» EXERCISE REQUIREMENTS: Extract all lines from the data beneath that include the word "Dress".

Stored records:
_ _ _ _ _ _ _

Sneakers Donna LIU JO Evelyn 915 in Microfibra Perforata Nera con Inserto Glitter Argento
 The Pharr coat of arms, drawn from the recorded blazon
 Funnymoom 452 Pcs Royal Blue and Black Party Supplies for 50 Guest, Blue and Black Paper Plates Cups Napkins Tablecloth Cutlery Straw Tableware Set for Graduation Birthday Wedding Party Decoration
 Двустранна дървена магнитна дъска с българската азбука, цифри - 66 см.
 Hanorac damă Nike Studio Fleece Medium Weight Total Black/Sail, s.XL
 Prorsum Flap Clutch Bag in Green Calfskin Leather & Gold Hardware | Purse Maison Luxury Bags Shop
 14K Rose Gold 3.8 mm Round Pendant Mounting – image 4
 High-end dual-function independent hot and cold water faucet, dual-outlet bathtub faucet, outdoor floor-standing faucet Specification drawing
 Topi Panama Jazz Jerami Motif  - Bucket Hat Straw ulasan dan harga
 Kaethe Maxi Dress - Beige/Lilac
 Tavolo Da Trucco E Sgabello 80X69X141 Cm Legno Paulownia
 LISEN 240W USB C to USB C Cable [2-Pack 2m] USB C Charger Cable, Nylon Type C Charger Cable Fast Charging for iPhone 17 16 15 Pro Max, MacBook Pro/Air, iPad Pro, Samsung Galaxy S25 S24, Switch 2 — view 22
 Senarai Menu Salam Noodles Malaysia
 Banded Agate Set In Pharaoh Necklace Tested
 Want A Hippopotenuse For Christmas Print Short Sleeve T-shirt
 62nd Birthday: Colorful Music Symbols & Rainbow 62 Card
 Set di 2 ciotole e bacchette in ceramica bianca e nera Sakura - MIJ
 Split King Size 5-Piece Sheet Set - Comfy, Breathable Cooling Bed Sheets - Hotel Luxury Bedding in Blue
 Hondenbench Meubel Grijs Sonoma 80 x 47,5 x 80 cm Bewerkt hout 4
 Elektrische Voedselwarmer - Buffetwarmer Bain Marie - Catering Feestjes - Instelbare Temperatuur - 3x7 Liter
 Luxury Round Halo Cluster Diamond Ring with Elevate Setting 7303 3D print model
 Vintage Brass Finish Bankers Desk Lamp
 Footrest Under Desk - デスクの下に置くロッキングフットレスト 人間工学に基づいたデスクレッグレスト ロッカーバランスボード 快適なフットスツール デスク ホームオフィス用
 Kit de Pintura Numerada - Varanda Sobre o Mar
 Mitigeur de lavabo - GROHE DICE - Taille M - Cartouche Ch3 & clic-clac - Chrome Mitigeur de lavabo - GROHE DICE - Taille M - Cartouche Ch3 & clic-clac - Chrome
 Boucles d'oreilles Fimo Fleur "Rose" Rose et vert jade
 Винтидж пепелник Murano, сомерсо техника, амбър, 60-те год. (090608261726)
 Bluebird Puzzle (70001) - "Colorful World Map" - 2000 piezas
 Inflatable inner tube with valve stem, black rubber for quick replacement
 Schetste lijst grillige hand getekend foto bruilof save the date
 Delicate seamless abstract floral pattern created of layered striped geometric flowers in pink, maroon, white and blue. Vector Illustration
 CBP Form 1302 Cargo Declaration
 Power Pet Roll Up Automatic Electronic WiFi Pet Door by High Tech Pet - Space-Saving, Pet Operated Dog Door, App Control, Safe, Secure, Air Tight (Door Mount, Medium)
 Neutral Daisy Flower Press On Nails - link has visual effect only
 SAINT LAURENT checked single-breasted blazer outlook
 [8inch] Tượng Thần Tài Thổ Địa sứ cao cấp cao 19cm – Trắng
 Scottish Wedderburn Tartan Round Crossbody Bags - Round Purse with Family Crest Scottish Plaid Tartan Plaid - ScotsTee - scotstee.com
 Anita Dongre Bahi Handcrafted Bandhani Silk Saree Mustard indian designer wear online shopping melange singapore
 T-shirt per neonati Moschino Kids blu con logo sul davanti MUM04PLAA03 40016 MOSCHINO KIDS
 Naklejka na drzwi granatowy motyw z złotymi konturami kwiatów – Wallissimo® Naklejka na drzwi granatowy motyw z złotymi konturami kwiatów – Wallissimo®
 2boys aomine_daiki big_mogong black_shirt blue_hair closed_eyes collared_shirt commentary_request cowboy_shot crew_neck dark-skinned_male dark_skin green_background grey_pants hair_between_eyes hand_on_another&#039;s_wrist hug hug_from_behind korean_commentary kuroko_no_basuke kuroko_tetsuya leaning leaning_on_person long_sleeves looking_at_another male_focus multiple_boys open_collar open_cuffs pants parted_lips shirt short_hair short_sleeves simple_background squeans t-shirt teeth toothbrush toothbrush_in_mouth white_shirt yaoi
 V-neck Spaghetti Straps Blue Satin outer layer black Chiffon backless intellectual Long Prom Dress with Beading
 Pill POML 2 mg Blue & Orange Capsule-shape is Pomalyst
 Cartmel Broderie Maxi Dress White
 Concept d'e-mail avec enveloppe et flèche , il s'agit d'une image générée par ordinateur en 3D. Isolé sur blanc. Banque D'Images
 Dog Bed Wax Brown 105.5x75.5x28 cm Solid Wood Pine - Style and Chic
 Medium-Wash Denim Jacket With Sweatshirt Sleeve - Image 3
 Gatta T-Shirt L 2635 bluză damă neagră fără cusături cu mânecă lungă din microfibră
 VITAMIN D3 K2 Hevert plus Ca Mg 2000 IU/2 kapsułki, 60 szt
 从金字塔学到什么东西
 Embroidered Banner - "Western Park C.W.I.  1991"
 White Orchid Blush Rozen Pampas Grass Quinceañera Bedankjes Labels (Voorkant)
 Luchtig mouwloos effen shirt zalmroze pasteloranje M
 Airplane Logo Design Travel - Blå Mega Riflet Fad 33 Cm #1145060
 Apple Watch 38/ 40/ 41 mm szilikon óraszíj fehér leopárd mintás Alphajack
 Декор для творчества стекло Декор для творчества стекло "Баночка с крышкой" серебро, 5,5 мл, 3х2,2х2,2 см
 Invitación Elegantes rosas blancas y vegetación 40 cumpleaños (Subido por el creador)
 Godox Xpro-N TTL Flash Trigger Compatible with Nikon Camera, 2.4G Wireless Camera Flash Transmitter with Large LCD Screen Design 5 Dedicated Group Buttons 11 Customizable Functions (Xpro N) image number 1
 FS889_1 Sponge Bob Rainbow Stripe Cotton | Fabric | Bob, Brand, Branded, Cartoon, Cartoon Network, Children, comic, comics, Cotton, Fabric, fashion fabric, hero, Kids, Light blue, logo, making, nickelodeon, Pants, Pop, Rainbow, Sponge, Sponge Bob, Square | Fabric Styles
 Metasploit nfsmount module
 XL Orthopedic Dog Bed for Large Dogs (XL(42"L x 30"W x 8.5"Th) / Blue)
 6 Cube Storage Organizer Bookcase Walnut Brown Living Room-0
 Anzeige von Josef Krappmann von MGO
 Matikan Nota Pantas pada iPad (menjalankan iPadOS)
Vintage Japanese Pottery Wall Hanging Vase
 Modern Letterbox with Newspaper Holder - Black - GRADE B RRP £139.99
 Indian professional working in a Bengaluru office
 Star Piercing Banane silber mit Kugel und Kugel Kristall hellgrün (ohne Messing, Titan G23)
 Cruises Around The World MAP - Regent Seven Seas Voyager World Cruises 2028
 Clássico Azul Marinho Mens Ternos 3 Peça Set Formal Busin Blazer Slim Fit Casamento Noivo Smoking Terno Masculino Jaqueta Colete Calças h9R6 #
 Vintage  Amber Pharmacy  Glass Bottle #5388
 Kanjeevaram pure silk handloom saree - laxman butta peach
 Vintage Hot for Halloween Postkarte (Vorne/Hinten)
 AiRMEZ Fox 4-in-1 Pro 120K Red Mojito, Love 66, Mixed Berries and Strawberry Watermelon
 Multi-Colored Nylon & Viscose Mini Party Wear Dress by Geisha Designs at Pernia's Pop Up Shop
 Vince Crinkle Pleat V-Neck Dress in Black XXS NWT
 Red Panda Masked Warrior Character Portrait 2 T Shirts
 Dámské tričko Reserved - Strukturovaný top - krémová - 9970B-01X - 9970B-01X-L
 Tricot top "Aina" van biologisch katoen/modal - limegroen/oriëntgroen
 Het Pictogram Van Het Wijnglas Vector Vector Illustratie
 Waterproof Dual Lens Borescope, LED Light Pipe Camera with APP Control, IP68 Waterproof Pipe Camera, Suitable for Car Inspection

_ _ _ _ _ _ _

» SOLUTION TO THIS PROBLEM:
 Kaethe Maxi Dress - Beige/Lilac
 V-neck Spaghetti Straps Blue Satin outer layer black Chiffon backless intellectual Long Prom Dress with Beading
 Cartmel Broderie Maxi Dress White
 Multi-Colored Nylon & Viscose Mini Party Wear Dress by Geisha Designs at Pernia's Pop Up Shop
 Vince Crinkle Pleat V-Neck Dress in Black XXS NWT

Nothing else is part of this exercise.